State v. Daniel Ryan Curry, 2012AP515-CR, District 1, 12/27/12
Newly discovered evidence
Defendant not entitled to new trial based on potentially exculpatory testimony of two witnesses, because the witnesses were known to him before trial. The two witnesses were the son and nephew of a defense witness named Rivera. Statements made by Curry and Rivera and contained in police reports, as well as Rivera’s trial testimony, show Curry knew the boys were eyewitnesses to the incident. ¶¶12-13. Curry’s argument that Rivera prevented him from talking to the boys also rejected, as that “ignores his subpoena power” and is belied by the evidence establishing that Curry and Rivera were friends and that Rivera was cooperative with the defense, ¶14. Standard for newly discovered evidence set forth, citing State v. Plude, 2008 WI 58, ¶32, 310 Wis. 2d 28, 750 N.W.2d 42.
Juror bias – failure of juror to disclose prior convictions
That a juror failed to disclose his prior convictions does not by itself establish objective bias, where Curry offered no plausible reasons as to why juror was biased against him:
¶18 …. Withholding information about prior convictions, by itself, is not evidence of juror bias. Nor do prior convictions, by themselves, constitute such evidence of bias.

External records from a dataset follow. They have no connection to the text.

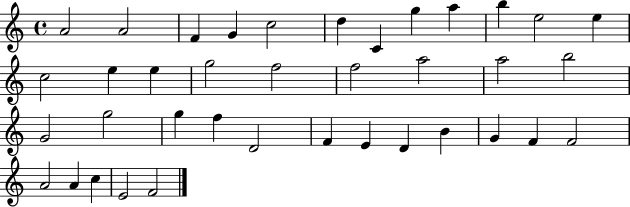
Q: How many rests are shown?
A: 0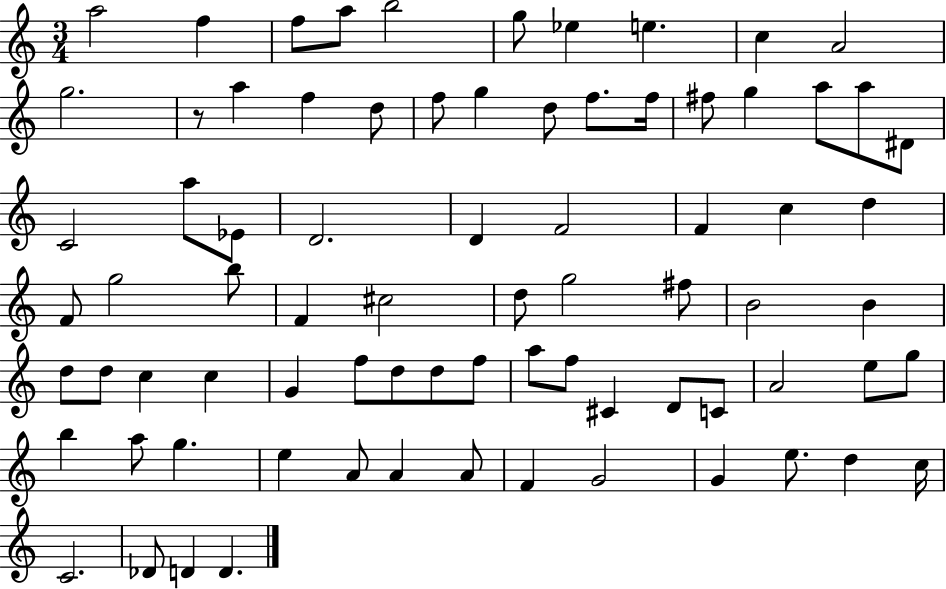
A5/h F5/q F5/e A5/e B5/h G5/e Eb5/q E5/q. C5/q A4/h G5/h. R/e A5/q F5/q D5/e F5/e G5/q D5/e F5/e. F5/s F#5/e G5/q A5/e A5/e D#4/e C4/h A5/e Eb4/e D4/h. D4/q F4/h F4/q C5/q D5/q F4/e G5/h B5/e F4/q C#5/h D5/e G5/h F#5/e B4/h B4/q D5/e D5/e C5/q C5/q G4/q F5/e D5/e D5/e F5/e A5/e F5/e C#4/q D4/e C4/e A4/h E5/e G5/e B5/q A5/e G5/q. E5/q A4/e A4/q A4/e F4/q G4/h G4/q E5/e. D5/q C5/s C4/h. Db4/e D4/q D4/q.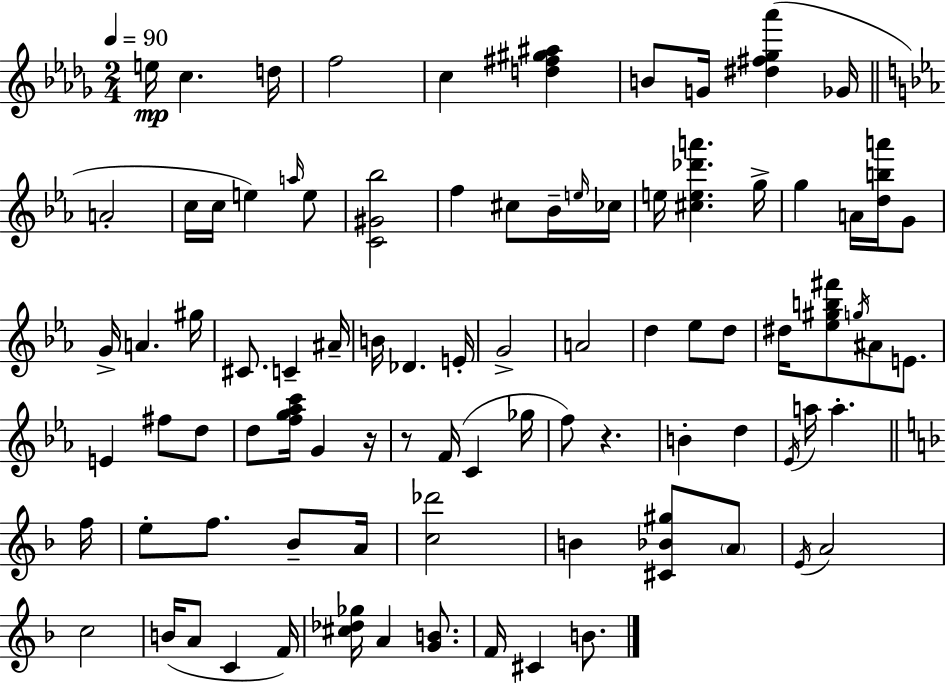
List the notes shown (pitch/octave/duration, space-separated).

E5/s C5/q. D5/s F5/h C5/q [D5,F#5,G#5,A#5]/q B4/e G4/s [D#5,F#5,Gb5,Ab6]/q Gb4/s A4/h C5/s C5/s E5/q A5/s E5/e [C4,G#4,Bb5]/h F5/q C#5/e Bb4/s E5/s CES5/s E5/s [C#5,E5,Db6,A6]/q. G5/s G5/q A4/s [D5,B5,A6]/s G4/e G4/s A4/q. G#5/s C#4/e. C4/q A#4/s B4/s Db4/q. E4/s G4/h A4/h D5/q Eb5/e D5/e D#5/s [Eb5,G#5,B5,F#6]/e G5/s A#4/e E4/e. E4/q F#5/e D5/e D5/e [F5,G5,Ab5,C6]/s G4/q R/s R/e F4/s C4/q Gb5/s F5/e R/q. B4/q D5/q Eb4/s A5/s A5/q. F5/s E5/e F5/e. Bb4/e A4/s [C5,Db6]/h B4/q [C#4,Bb4,G#5]/e A4/e E4/s A4/h C5/h B4/s A4/e C4/q F4/s [C#5,Db5,Gb5]/s A4/q [G4,B4]/e. F4/s C#4/q B4/e.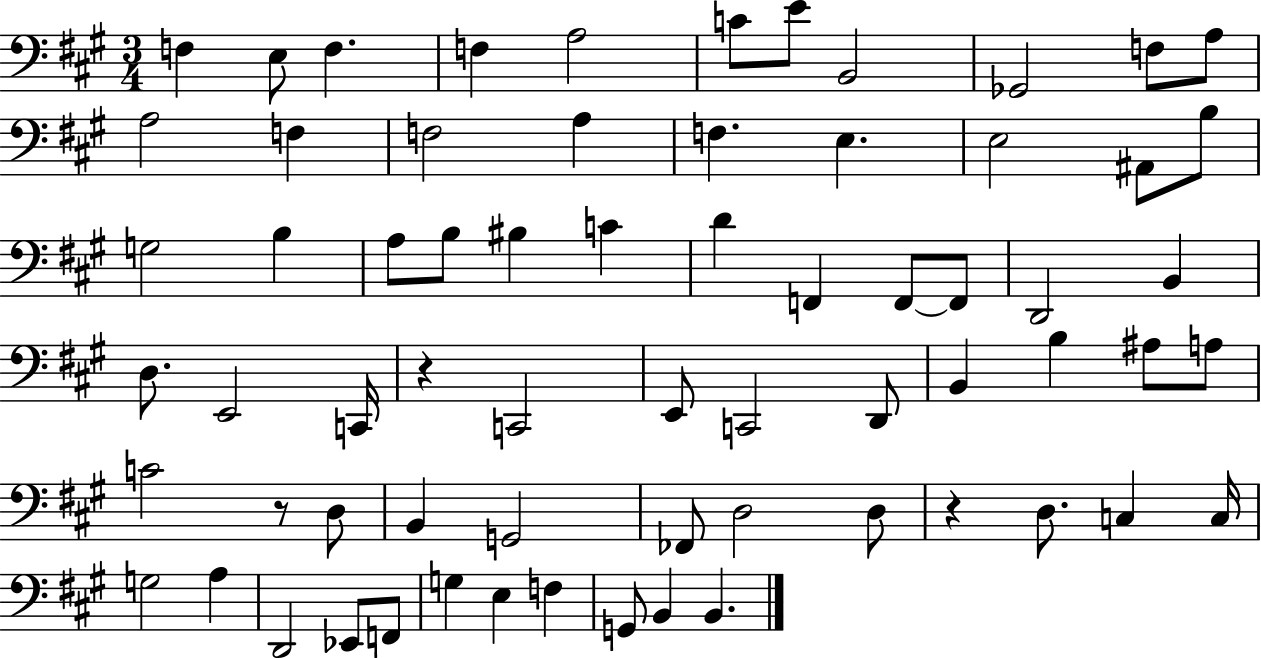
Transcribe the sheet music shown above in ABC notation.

X:1
T:Untitled
M:3/4
L:1/4
K:A
F, E,/2 F, F, A,2 C/2 E/2 B,,2 _G,,2 F,/2 A,/2 A,2 F, F,2 A, F, E, E,2 ^A,,/2 B,/2 G,2 B, A,/2 B,/2 ^B, C D F,, F,,/2 F,,/2 D,,2 B,, D,/2 E,,2 C,,/4 z C,,2 E,,/2 C,,2 D,,/2 B,, B, ^A,/2 A,/2 C2 z/2 D,/2 B,, G,,2 _F,,/2 D,2 D,/2 z D,/2 C, C,/4 G,2 A, D,,2 _E,,/2 F,,/2 G, E, F, G,,/2 B,, B,,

Curry simply requests, without support, an evidentiary hearing to “[inquire] into [juror number twelve’s] state of mind.” We cannot conclude that juror number twelve’s prior convictions made it more probable than not that he was biased against Curry. In fact, juror number twelve’s experience as a defendant may even have made him sympathetic towards Curry. Curry has not met his burden of showing that a reasonable person in juror number twelve’s position could not be impartial.
Standard for establishing objective juror bias noted, ¶¶15-16, citing State v. Faucher, 227 Wis. 2d 700, 596 N.W.2d 770 (1999).